Yes. On the other hand, without the cap, the world rankings would pretty much degenerate into two groups: players who can attend a major and players who cannot.
Isnt the system already weighted against people who live in pinball deserts (I think the IFPA lists India as an example)? Isn’t that the nature of most, if not all amateur sports anyway? Some people from some geographic locations will inherently have an advantage over others. There isn’t really a good way to change the rules to accommodate for that.
I agree, that’s just how it is. But it doesn’t mean that we should go and make the imbalance even stronger.
You still have to reward those in massive tournaments appropriately, though. If majors aren’t particularly valuable, they lose the significance of being a major. And without being a major, there isn’t a draw to the event, which starts the process for pinball to go back to what it was: a local thing done in bars.
Isn’t 140 points for Pinburgh enough?
Honestly, if it’s undervalued by about 3x, I’d say no, it’s not enough.

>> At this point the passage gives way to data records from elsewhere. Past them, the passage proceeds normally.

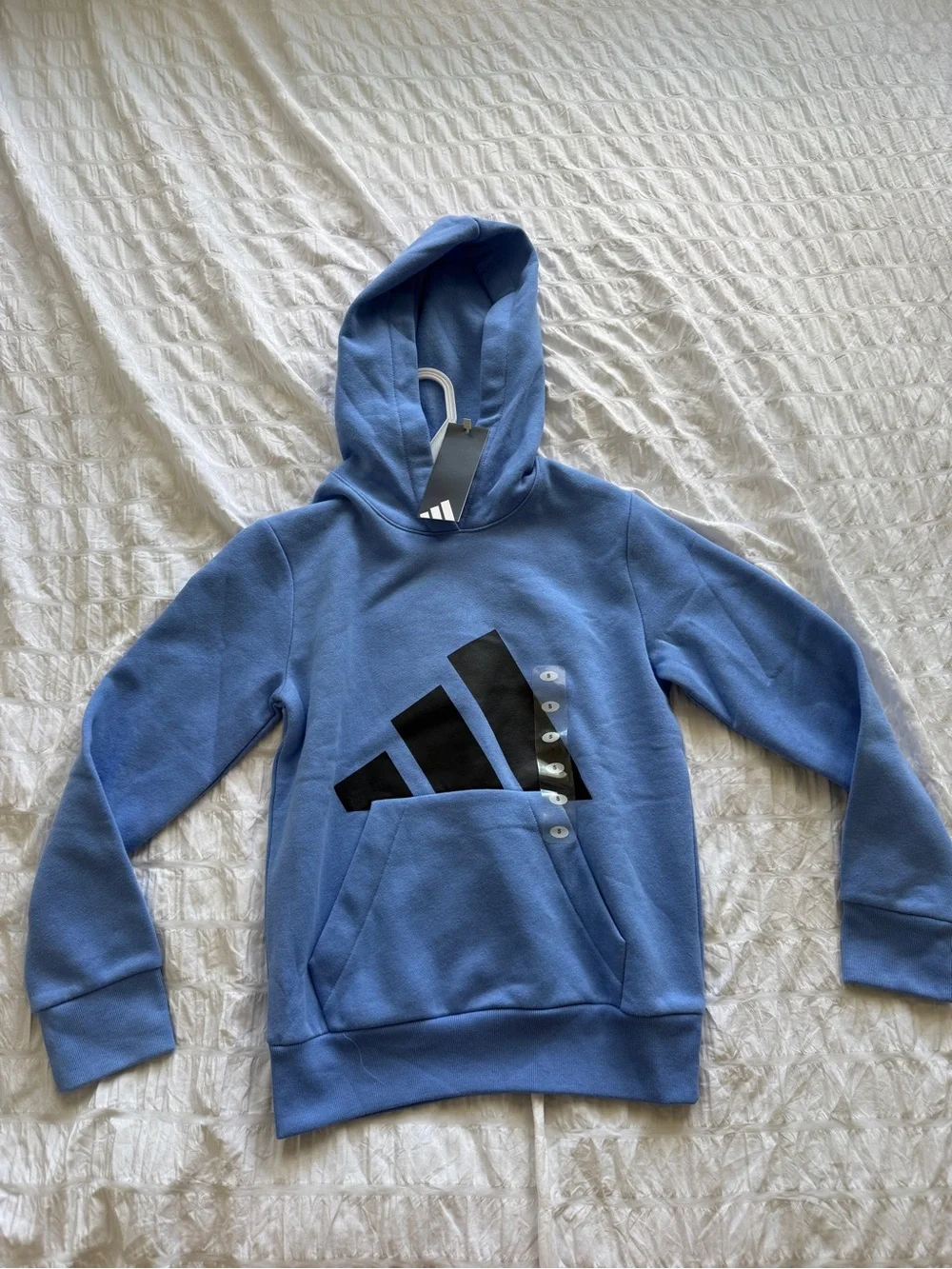 Boys Size Small Adidas Blue Hoodie with Black Logo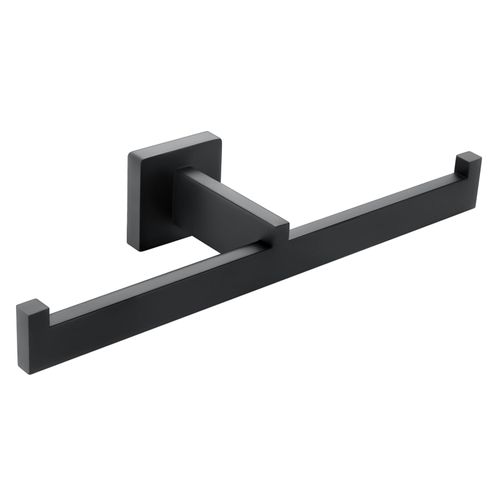Double Roll Toilet Paper Holder Matte Black, SUS304 Stainless Steel 2 in 1 Square Dual Rolls Tissue Holder Wall Mounted for Bathroom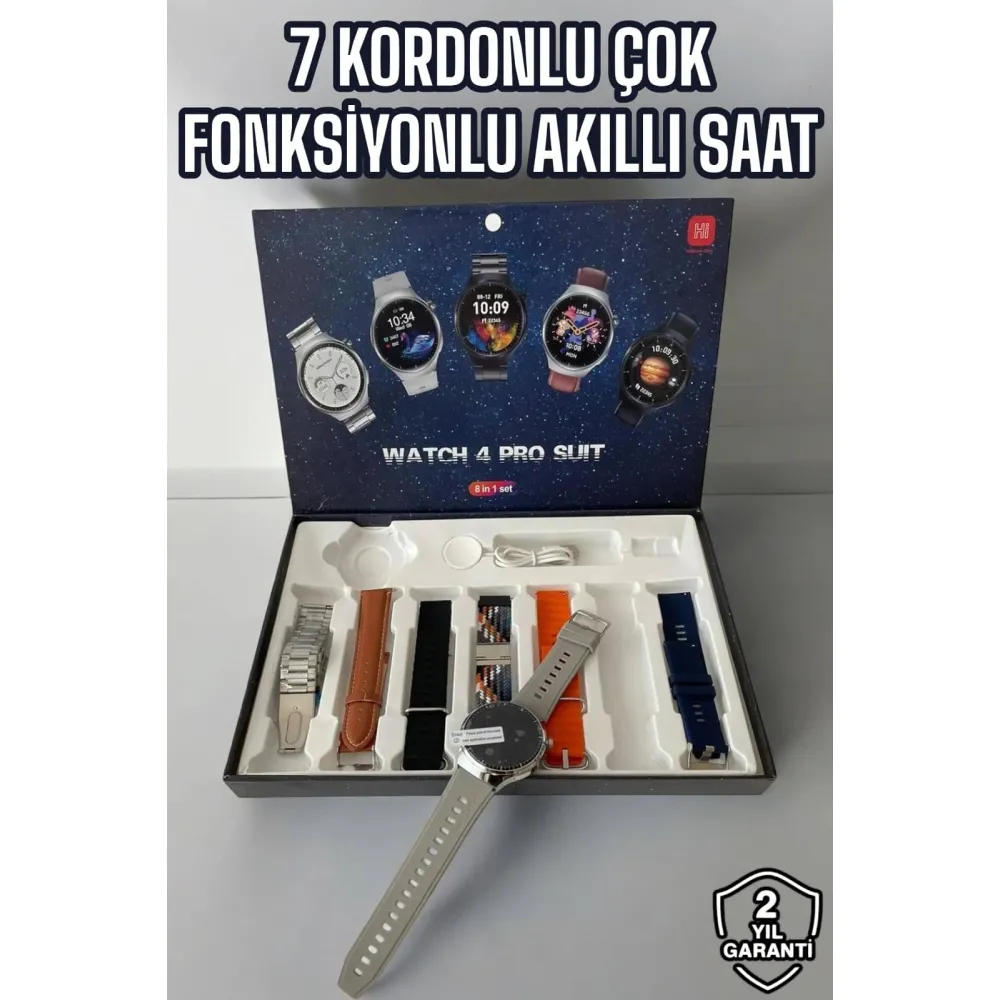 Akıllı Saat 7 Kordonlu Yeni Nesil Arama Cevaplayan Çok Fonksiyonlu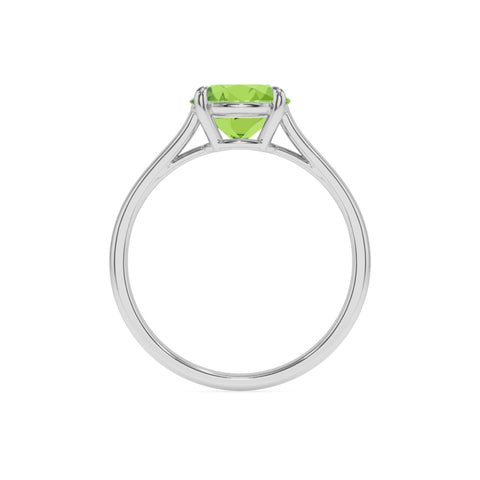 natural peridot round solitaire engagement ring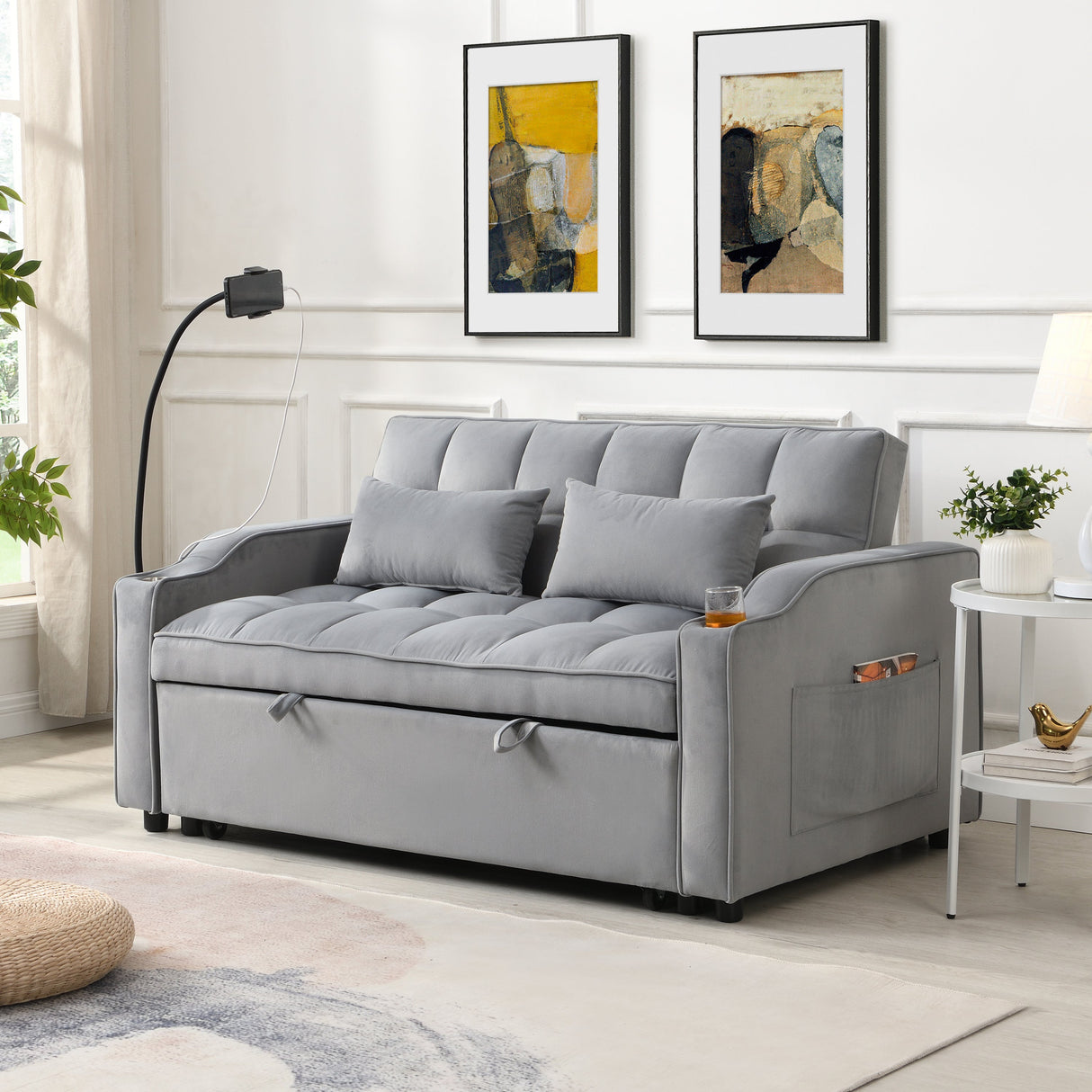 Modern Velvet Loveseat Futon Sofa Couch with Pullout Bed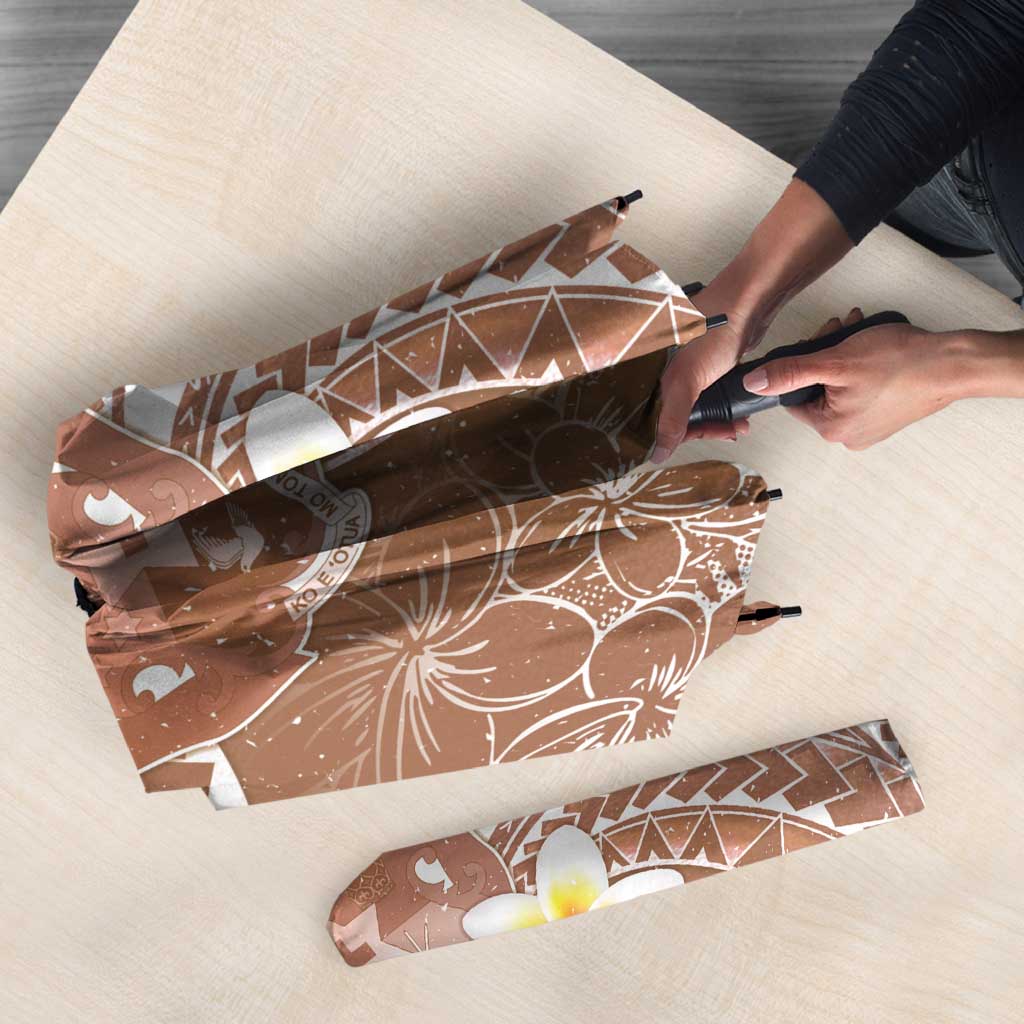 Tonga Christmas Umbrella Kilisimasi Fiefia Retro Style Brown - Polynesian Pride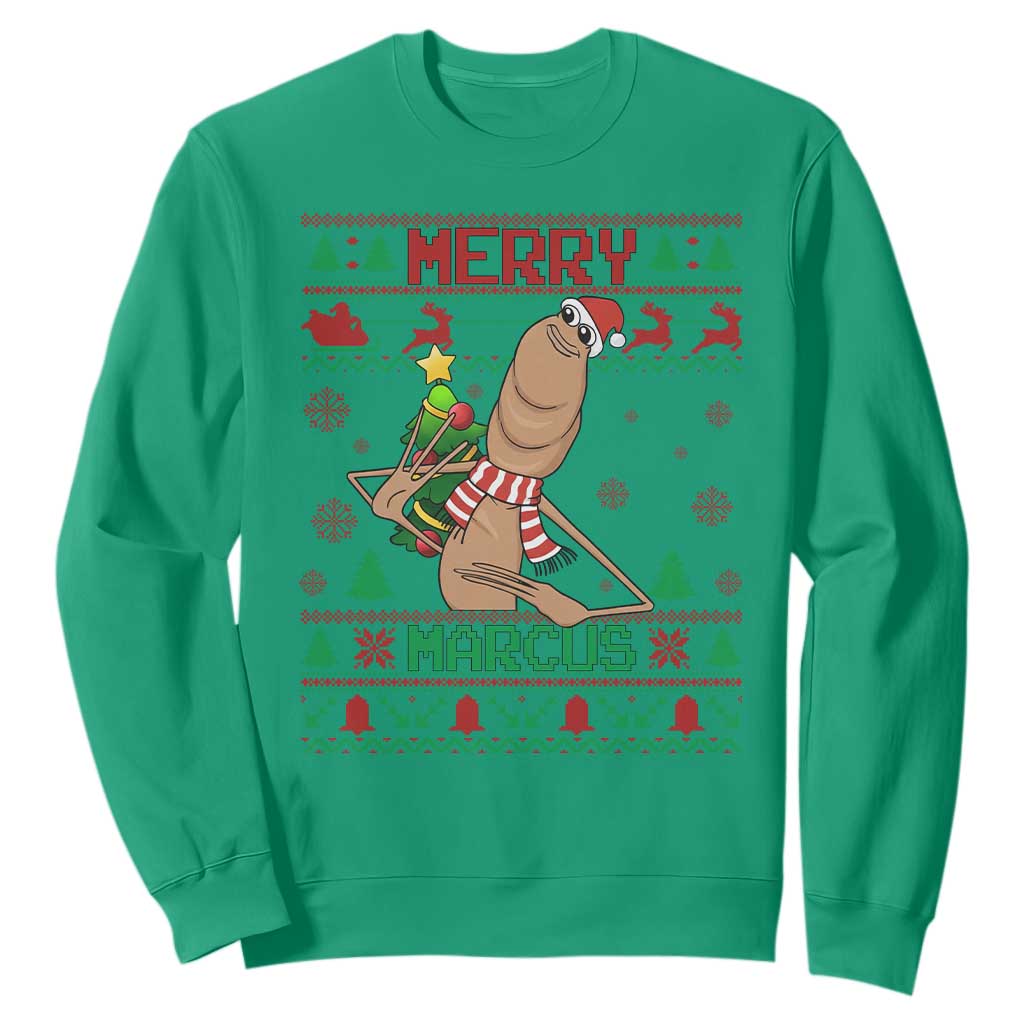Marcus The Worm Christmas Meme Sweatshirt Funny Brain Rot Xmas TS14 Irish Green Print Your Wear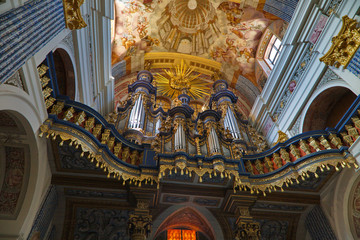 Swieta Lipka,Poland-JUNE 25,2008:Church baroque organs of Our Dear Lady Church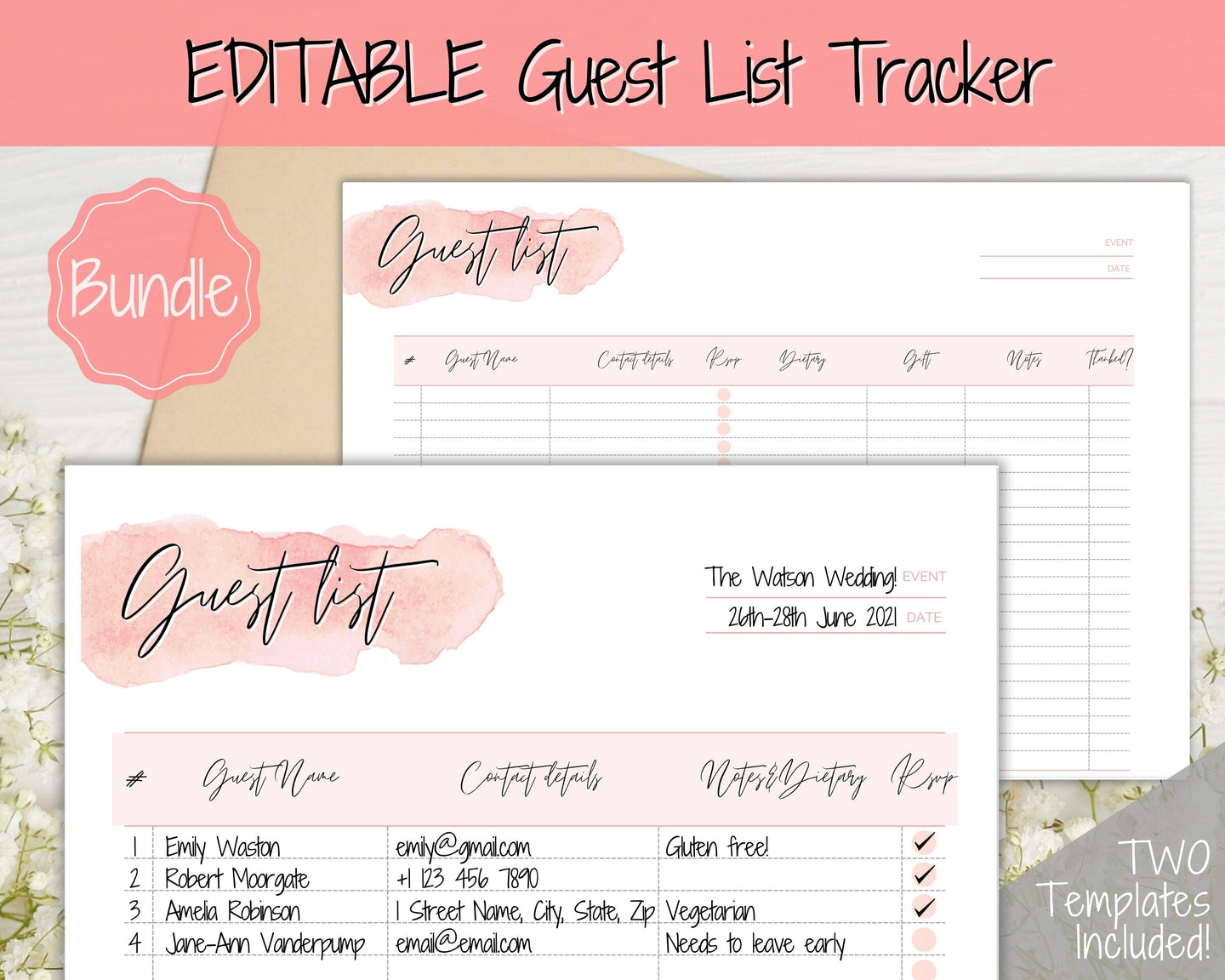 Guest List Template, Editable Guest List Tracker with RSVP, Party, Events, Birthday & Wedding Guest List, Wedding Planner Printable, Gifts | Style 3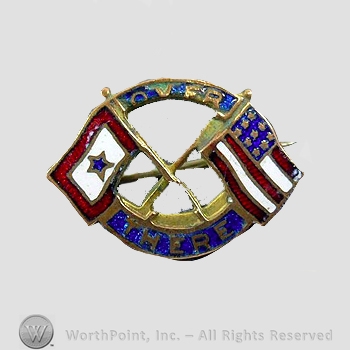 WWI Metal Insignia : Over There Blue Service Star Flag Pin.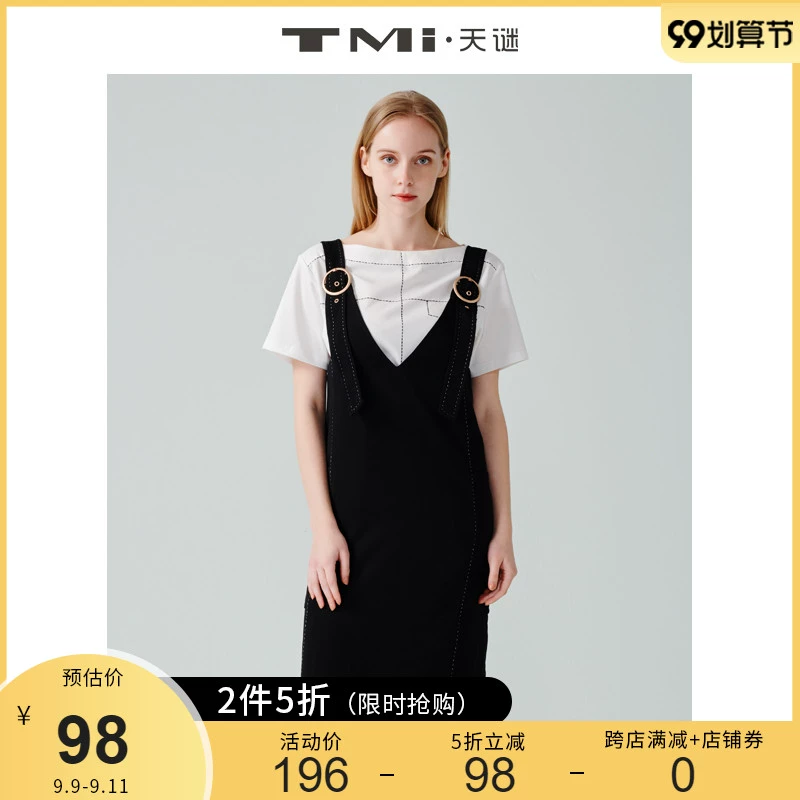 TMi Tian Mi dành cho phụ nữ Mùa hè Sản phẩm mới Cổ chữ V Đơn giản Dây đeo màu đen Chân váy dài trung bình 192018 - Sản phẩm HOT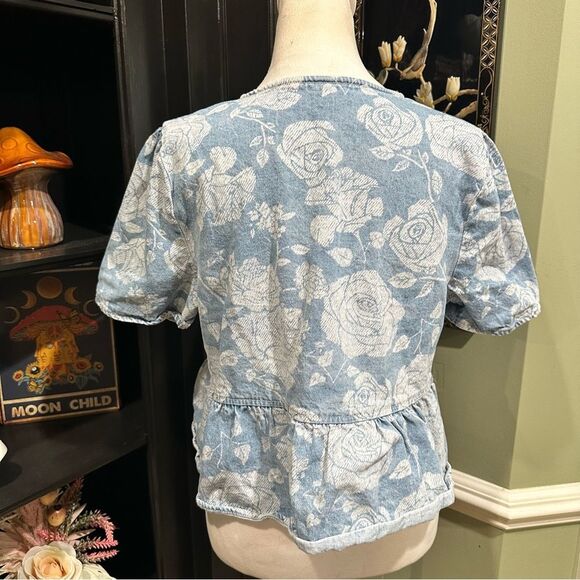 ONLY x ASOS Blue Floral Denim Set – Medium Top & Large Shorts - Picture 5 of 14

Maybe 430 points is excessive, but give the people what they earned. I think a 1.5x multiplier draws a good balance between awarding the winner appropriately and not having a ‘one tournament dictates the year’ ranking.
This works the other way too - those with the time and money to travel for major events will always have an advantage of those that cannot. There really isn’t anything to be done about that either.
The point I am alluding to is that the highest value tournament on the calendar is a lottery for entry. Players like Jorian missed out, so that will affect his ranking. (Of course, Bowen misses out, too, because he is running the thing.) But as others have pointed out, rankings are skewed by other things such as limited access to tournaments because of money or geography.
Happy to report that both Steve Martin and Jon Stewart are in.